Produce again, without any change, the lines running from the one with "Emoji 😪 Faccina" through the final line of the data below, and only those.

● **RECORDS TO USE**:
————————

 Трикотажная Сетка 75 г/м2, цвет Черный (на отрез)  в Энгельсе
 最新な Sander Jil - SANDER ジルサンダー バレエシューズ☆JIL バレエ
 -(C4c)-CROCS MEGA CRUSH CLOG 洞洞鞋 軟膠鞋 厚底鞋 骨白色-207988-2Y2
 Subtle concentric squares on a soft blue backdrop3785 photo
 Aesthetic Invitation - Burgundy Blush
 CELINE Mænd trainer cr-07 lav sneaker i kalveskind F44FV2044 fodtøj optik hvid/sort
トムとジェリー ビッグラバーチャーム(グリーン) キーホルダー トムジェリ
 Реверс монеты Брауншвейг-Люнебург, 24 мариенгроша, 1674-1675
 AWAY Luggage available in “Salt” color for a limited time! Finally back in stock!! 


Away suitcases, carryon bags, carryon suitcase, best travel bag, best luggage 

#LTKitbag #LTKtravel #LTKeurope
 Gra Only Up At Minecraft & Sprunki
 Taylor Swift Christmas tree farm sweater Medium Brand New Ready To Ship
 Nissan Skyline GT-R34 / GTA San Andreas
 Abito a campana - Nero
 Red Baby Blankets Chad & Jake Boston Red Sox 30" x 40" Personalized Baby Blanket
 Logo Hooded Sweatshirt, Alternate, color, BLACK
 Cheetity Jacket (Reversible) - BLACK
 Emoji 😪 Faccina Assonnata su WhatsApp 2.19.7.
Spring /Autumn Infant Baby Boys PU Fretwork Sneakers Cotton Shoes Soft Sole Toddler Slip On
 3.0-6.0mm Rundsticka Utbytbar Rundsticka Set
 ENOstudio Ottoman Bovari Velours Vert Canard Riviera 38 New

————————

● **EXERCISE SOLUTION**:
 Emoji 😪 Faccina Assonnata su WhatsApp 2.19.7.
Spring /Autumn Infant Baby Boys PU Fretwork Sneakers Cotton Shoes Soft Sole Toddler Slip On
 3.0-6.0mm Rundsticka Utbytbar Rundsticka Set
 ENOstudio Ottoman Bovari Velours Vert Canard Riviera 38 New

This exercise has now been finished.